The diversion channels are similar to the Jubilee <http://www.nce.co.uk/royal-opening-for-natural-jubilee-river/803051.article#> River scheme, which protects Maidenhead, Windsor and Eton and opened in 2002. Residents flooded in 2003 maintain that poor management of increased flows from the Jubliee River were to blame. A subsequent investigation by Atkins revealed that the £110M Jubilee River was under-designed and could convey only two-thirds of its design capacity.
The plans in detail
Reach 3: Datchet to Walton Bridge
In the Agency's strategy there would be three separate but consecutive new flood diversion channels between Datchet and Shepperton. These would link up some of the lakes in the area and reconnect with the River Thames. The idea is to bypass the existing weir structures and improve the passage of water downstream.
The Agency would aim to make the flood diversion channels look, as much as possible, like a natural watercourse with gently sloping banks. New vegetation would help them blend into the existing landscape. Each flood diversion channel would be a similar width to the River Thames, between 50m and 60m wide, within a broader corridor of up to 100m. Some might have a footpath or cyclepath running alongside them, and contain attractive features such as reedbeds.
Water in the flood diversion channels would be about 3.5m deep for most of the year, rising to 4m in times of flood. The Agency would not plan to have a continuous flow along them. Instead, the water would be still, like the water in many of the gravel pits in the area.
A number of other bridges, culverts and weirs would also be required to cross existing roads and railway lines, and to keep the water at the correct level. The flood diversion channels would skirt around some areas of historic landfill sites.
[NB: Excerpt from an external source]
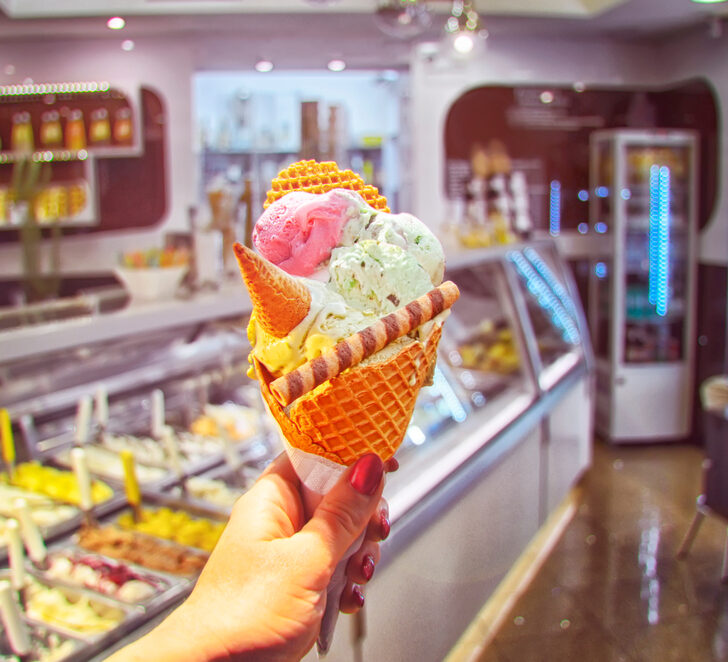 image of hand holding cone with the best ice cream in CT in it. Colorful and fancy background.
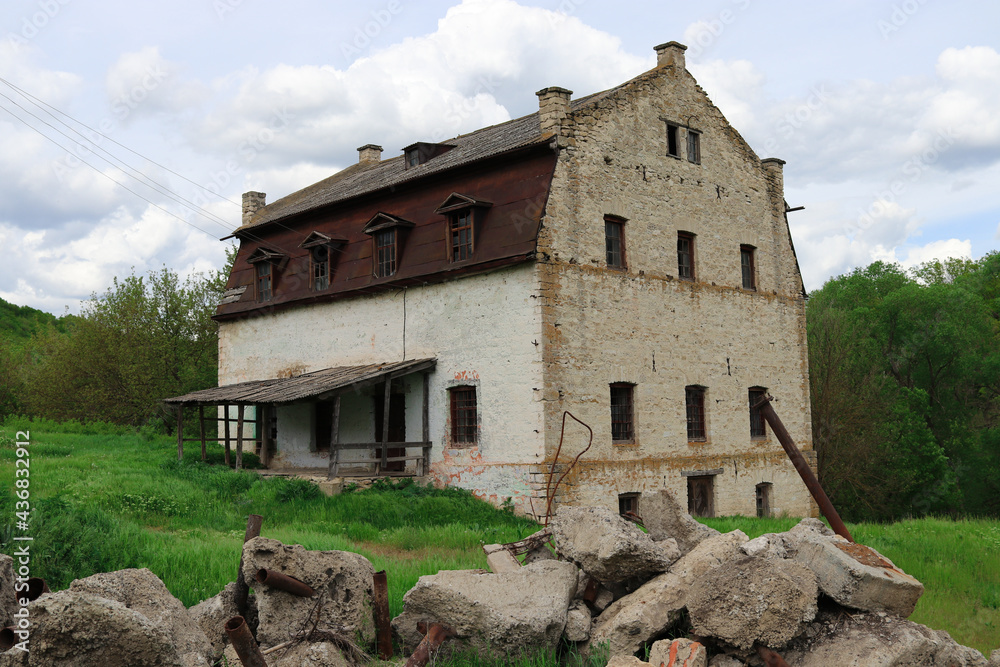 The building of an old abandoned mill of the 19th century on a green meadow near the stream The building of an old abandoned mill of the 19th century on a green meadow near the stream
It is likely that the Agency would need to construct heavily engineered channels in these areas, and possibly to line them.
Reach 4: Walton Bridge to Teddington
The Agency has studied the effects that building flood diversion channels would have on flows in the rest of the river, downstream from where the third and final flood diversion channel returns to the Thames. This shows that works are needed to the river downstream of Walton Bridge to maintain the flows at their current level to prevent any increase in flooding.
However, the area between Shepperton and Teddington is too built up for engineering works such as diversion channels to take place. Instead, weirs at Sunbury, Molesey and Teddington will have their capacity to convey water during a flood increased, Desborough Cut will be widened by 3m to 4m on the southern bank, and local defences would protect areas such as those around Teddington Studios and on the river frontage at Kingston.
However, such defences have been ruled out in visually sensitive locations
such as around Hampton Court Palace.
The Agency believes that building these flood diversion channels and associated works would bring major long-term benefits to the Lower Thames area. It plans to substantially reduce flood risk to 5,100 residential properties (housing about 12,800 people) experiencing the most frequent flooding.
The scheme should enable some 8,200 residential properties (housing about 20,500 people) to qualify for flood insurance. This would involve moving them out of the insurance industry's significant flood risk band, for properties with more than 1.33% chance of flooding in any one year.
It expects that 7,200 residential properties (about 18,000 people) would be taken out of the flood risk envelope for the 1 in 100 year, or 1% annual chance of occurrence. Flood risk would also be reduced for about 450 commercial properties, besides some public buildings and critical infrastructure within the Lower Thames area.
The plans have been put out to public consultation until 4 December.